Words to numbers faster lookup
-
16-10-2019 - |
문제
I'm training an LSTM for sentiment analysis on a review dataset downloaded from here. The music review dataset contains about 150K data points (reviews of varying length labelled pos or neg). After creating a dictionary, I'm running a script in Python to replace strings (words) with numbers that keras/theano will embed later.
The problem is that such a large dataset requires a lot of time for lookup. I would appreciate if anyone had suggestion on a tool for faster lookup or similar.

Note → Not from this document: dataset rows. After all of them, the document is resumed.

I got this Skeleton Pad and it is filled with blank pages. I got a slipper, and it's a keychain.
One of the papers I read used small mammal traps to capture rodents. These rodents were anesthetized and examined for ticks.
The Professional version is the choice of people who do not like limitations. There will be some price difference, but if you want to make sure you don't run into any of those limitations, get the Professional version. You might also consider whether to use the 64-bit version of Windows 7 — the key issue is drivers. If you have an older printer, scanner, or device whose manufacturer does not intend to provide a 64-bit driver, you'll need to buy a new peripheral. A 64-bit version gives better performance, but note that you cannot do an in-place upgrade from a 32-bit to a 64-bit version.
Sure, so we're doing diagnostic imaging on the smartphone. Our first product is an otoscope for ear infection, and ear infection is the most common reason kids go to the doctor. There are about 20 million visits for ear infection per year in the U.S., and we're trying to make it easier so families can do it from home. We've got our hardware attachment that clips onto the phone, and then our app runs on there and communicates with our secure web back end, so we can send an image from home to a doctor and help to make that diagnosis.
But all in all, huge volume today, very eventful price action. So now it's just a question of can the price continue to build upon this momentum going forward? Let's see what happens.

Currently I just loop through every word in the corpus and replace it with the corresponding number from the dictionary (1-hot encoding essentially)
EDIT:
I'm doing roughly the following: each Python list is a sentence (before tokenization here):
['noble', 'interesting_superlatives',...,'the_idea']
which I want to conver to a list of integers, like:
[143599, 12387,...,7582]
I referred to it (probably incorrectly) as one-hot encoding because for each word there is exactly one number in the dictionary.
해결책
I'd like to extend the great @Emre's answer with another example - we are going to replace all tokenized words from the "1984" (c) George Orwell (120K words):
In [163]: %paste
import requests
import nltk
import pandas as pd
# source: https://github.com/dwyl/english-words
fn = r'D:\temp\.data\words.txt'
url = 'http://gutenberg.net.au/ebooks01/0100021.txt'
r = requests.get(url)
# read words into Pandas DataFrame
df = pd.read_csv(fn, header=None, names=['word'])

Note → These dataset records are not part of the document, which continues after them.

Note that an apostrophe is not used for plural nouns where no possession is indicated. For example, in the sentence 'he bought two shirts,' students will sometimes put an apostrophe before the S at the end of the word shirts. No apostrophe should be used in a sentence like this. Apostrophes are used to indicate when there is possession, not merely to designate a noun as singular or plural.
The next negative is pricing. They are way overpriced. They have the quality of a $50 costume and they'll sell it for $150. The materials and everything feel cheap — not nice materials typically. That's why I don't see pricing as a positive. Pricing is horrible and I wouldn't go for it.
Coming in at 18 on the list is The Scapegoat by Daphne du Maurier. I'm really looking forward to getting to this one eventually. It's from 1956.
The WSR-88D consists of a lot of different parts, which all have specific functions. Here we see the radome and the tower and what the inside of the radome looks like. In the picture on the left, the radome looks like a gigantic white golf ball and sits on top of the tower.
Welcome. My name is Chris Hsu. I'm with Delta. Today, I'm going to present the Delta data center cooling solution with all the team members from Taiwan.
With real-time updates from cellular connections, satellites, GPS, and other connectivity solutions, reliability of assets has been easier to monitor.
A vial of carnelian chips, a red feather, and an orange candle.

# shuffle DF, so we will have random indexes
df = df.sample(frac=1)
# convert Pandas DF into dictionary: {'word1': unique_number1, 'word2': unique_number2, ...}
lkp = df.reset_index().set_index('word')['index'].to_dict()
# tokenize "1984" (c) George Orwell
words = nltk.tokenize.word_tokenize(r.text)
print('Word Dictionary size: {}'.format(len(lkp)))
print('We have tokenized {} words...'.format(len(words)))
## -- End pasted text --
Word Dictionary size: 354983
We have tokenized 120251 words...
In [164]: %timeit [lkp.get(w, 0) for w in words]
10 loops, best of 3: 66.3 ms per loop
Conclusion: it took 66 ms to build a list of numbers for the list with 120K words from the dictionary containing 354.983 entries.
다른 팁
You're doing something wrong. I can query a 100K word dict in nanoseconds
word_list = open('/usr/share/dict/words').read().split()
len(word_list)
> 99171
word_dict = {word: hash(word) for word in word_list}
%timeit word_dict['blazing']
> 10000000 loops, best of 3: 33.8 ns per loop
You could use a trie from the Wikipedia definition:
is a kind of search tree—an ordered tree data structure that is used to store a dynamic set or associative array where the keys are usually strings.
pygtrie offers an implementation of tries with a dict interface. Here goes an example
import pygtrie as trie
words = ['cat', 'caterpillar', 'dog', 'mouse']
structure = trie.Trie()
for i, word in enumerate(words):
structure[word] = i
print structure['caterpillar']